Only the lines from the one containing "Square frame with" through the end of the data below are to be repeated, exactly as given, without pictures.

- _THE DATA_:
====

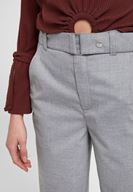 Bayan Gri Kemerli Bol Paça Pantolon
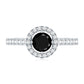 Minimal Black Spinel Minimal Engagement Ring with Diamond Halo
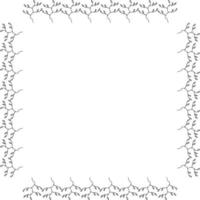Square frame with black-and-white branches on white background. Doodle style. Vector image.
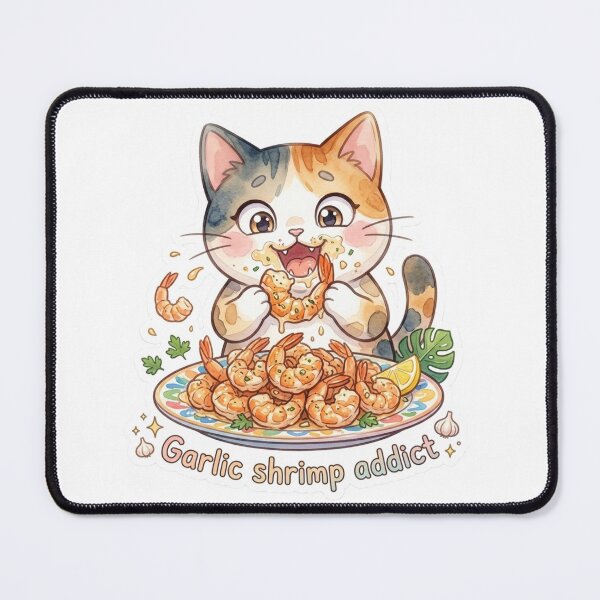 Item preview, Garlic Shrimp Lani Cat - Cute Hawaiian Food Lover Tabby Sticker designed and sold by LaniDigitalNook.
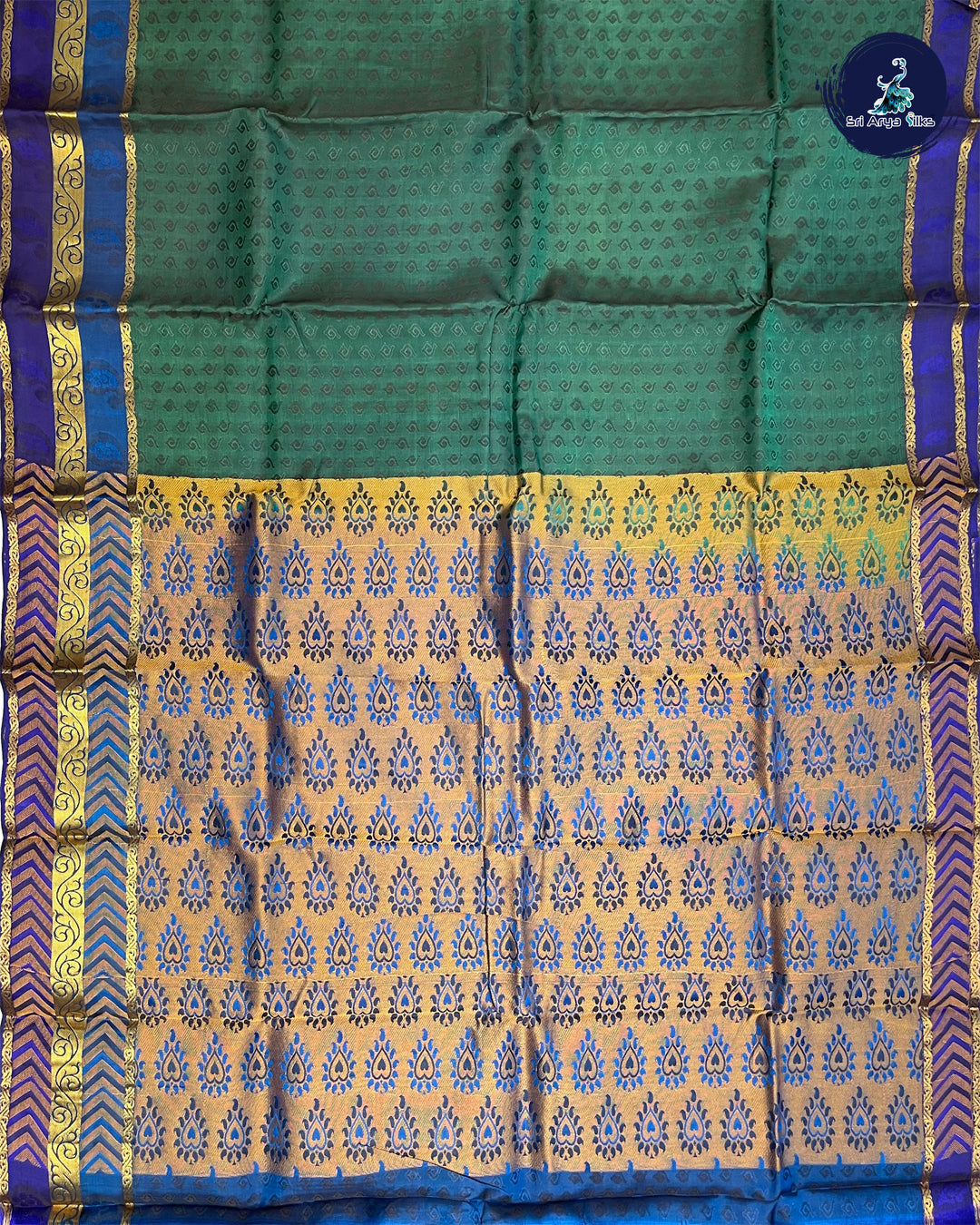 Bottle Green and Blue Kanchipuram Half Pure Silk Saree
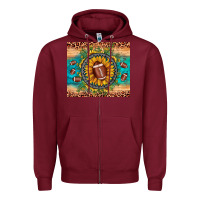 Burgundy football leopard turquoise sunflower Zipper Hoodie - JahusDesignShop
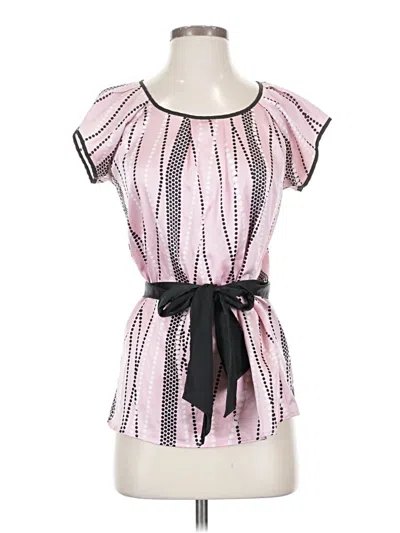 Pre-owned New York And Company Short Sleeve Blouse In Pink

====

- _ANSWER_:
Square frame with black-and-white branches on white background. Doodle style. Vector image.
 Item preview, Garlic Shrimp Lani Cat - Cute Hawaiian Food Lover Tabby Sticker designed and sold by LaniDigitalNook.
 Bottle Green and Blue Kanchipuram Half Pure Silk Saree
 Burgundy football leopard turquoise sunflower Zipper Hoodie - JahusDesignShop
 Pre-owned New York And Company Short Sleeve Blouse In Pink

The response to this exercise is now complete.